The scene below was a vision from an alchemist’s nightmare. It was a low-ceilinged, cavernous cellar, its stone walls slick with a permanent, greasy dampness, the air thick with a foul, choking steam that glowed a sickly yellow-green in the light of a few sputtering, smoking oil lamps. The floor was a treacherous landscape of puddles of viscous, foul-smelling liquid, piles of discarded moss, and empty sacks that had once held the caustic slaked lime.
In the center of the cellar, over a series of crude, smoking braziers, sat three massive, dented iron cauldrons. They bubbled sluggishly, their contents a thick, swirling, bluish-grey sludge, releasing the foul, chemical-laden steam that filled the room. This was the source of the counterfeit AURA, the birthplace of the bilge in a bottle.

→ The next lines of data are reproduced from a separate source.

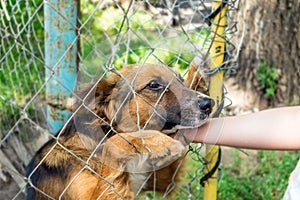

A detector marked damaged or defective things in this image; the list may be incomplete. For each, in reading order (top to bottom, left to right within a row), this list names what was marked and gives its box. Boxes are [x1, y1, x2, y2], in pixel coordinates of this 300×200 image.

rusty fence [0, 0, 239, 199]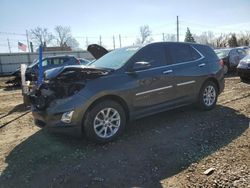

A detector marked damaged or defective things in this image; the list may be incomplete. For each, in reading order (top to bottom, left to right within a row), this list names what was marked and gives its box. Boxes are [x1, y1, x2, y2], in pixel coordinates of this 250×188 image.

bent hood [87, 43, 108, 59]
bent hood [44, 64, 111, 80]
damaged front end [28, 65, 109, 111]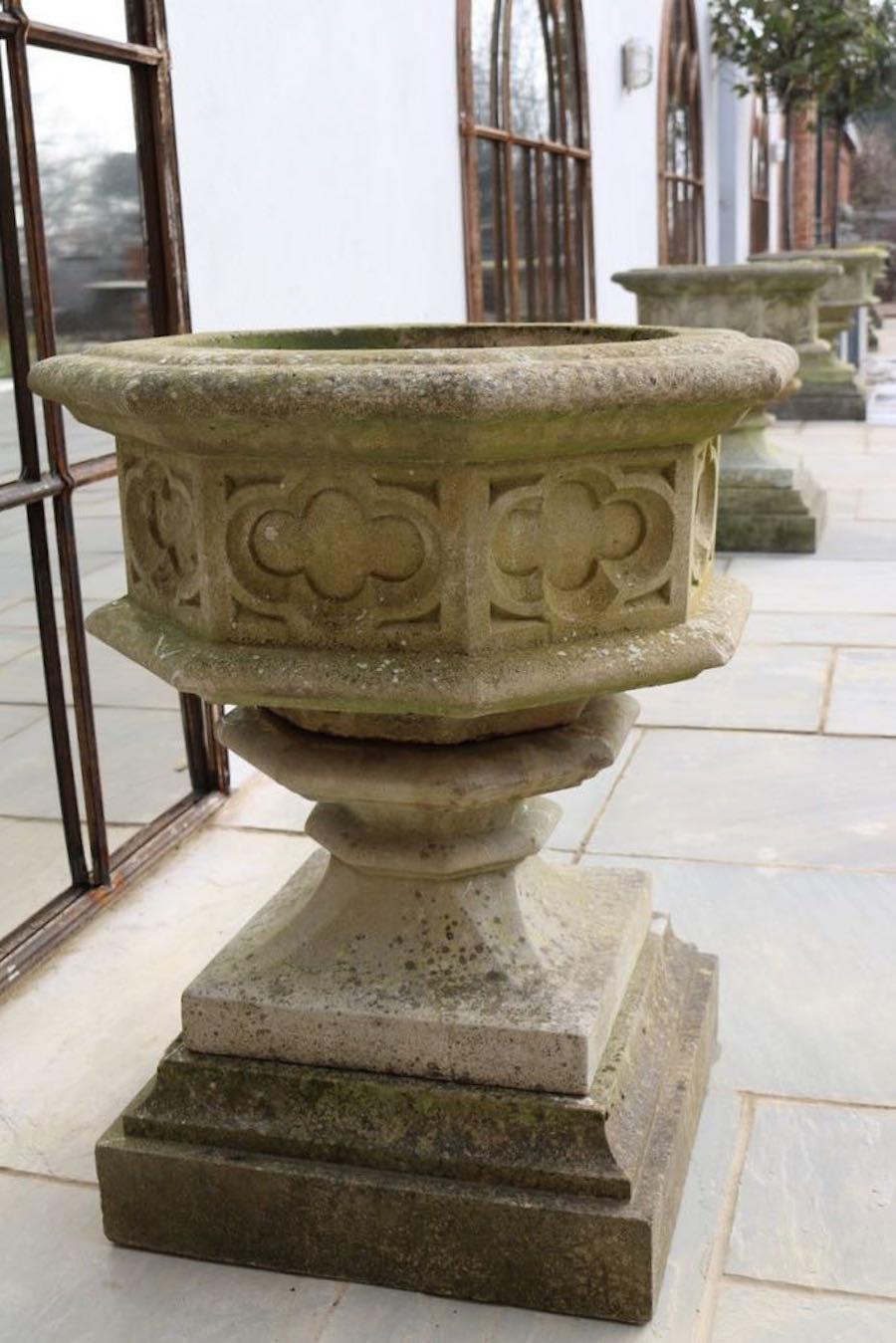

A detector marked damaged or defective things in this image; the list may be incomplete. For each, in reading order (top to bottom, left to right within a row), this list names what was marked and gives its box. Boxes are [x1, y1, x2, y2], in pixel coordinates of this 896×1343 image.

rusted metal frame [0, 10, 158, 65]
rusted metal frame [459, 0, 486, 318]
rusted metal frame [486, 0, 508, 320]
rusted metal frame [502, 0, 521, 320]
rusted metal frame [467, 120, 590, 160]
rusted metal frame [551, 4, 577, 320]
rusted metal frame [0, 39, 89, 880]
rusted metal frame [4, 15, 111, 886]
rusted metal frame [0, 783, 225, 988]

Around the cauldrons, a handful of workers moved like listless, hollow-eyed ghosts. They were gaunt, their faces pale and slick with sweat, their clothes little more than rags. A few of them had angry, red chemical burns on their hands and arms, which they seemed to ignore with a kind of dull, weary resignation. They stirred the bubbling sludge with long, splintered wooden paddles, their movements slow, lethargic, as if they were already half-poisoned by the very fumes they were forced to breathe. This wasn't a workshop; it was a slave pit. A place where desperation had been refined into a toxic, profitable slurry.

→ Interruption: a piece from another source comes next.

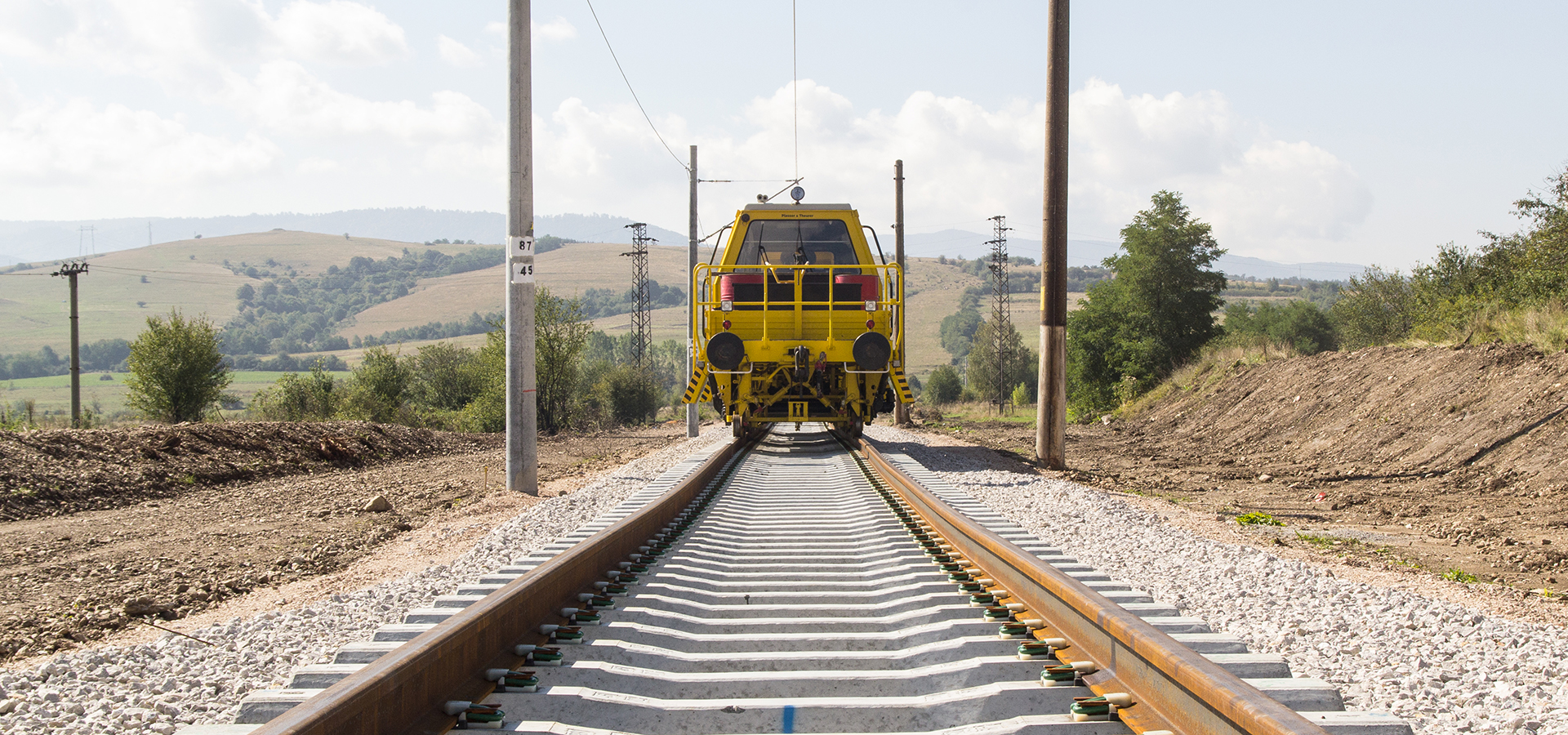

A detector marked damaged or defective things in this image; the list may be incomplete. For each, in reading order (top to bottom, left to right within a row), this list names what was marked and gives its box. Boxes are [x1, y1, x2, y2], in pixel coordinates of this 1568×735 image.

rusty rail [247, 435, 749, 733]
rusty rail [853, 439, 1330, 730]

Lloyd watched, his face, hidden by the shadows, a mask of cold, clinical disgust. He saw a man carelessly scoop a bucket of the slaked lime powder, a cloud of the caustic dust billowing up, making him and the workers around him cough, their hacking echoes lost in the general din. He saw another worker, his hands raw and red, bottling the finished, still-warm sludge, his movements clumsy, spilling a good portion of the corrosive liquid onto the filthy floor. There was no quality control. No safety. Only the desperate, grim, and dangerous, pursuit of a few silver coins.

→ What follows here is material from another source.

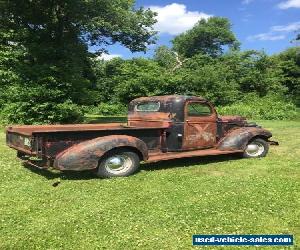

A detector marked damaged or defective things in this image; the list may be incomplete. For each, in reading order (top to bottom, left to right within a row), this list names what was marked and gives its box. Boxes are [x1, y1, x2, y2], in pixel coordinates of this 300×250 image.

rusty patina truck [5, 95, 278, 178]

This wasn't just commercial sabotage; it was a public health crisis waiting to happen. The product wasn’t just inferior; it was dangerous. The men and women being forced to produce it were being slowly poisoned. And the people buying it, the common folk of the city who couldn't afford the real AURA but craved a taste of its status, were rubbing this foul, caustic concoction onto their skin, onto the skin of their children.
The cold, righteous fury that had been simmering within him since his discovery in the market now solidified into a hard, sharp, and absolutely unforgiving, resolve. This was not just about protecting his brand anymore. This was about cleansing a rot. This was not a business dispute. This was a necessary act of sanitation.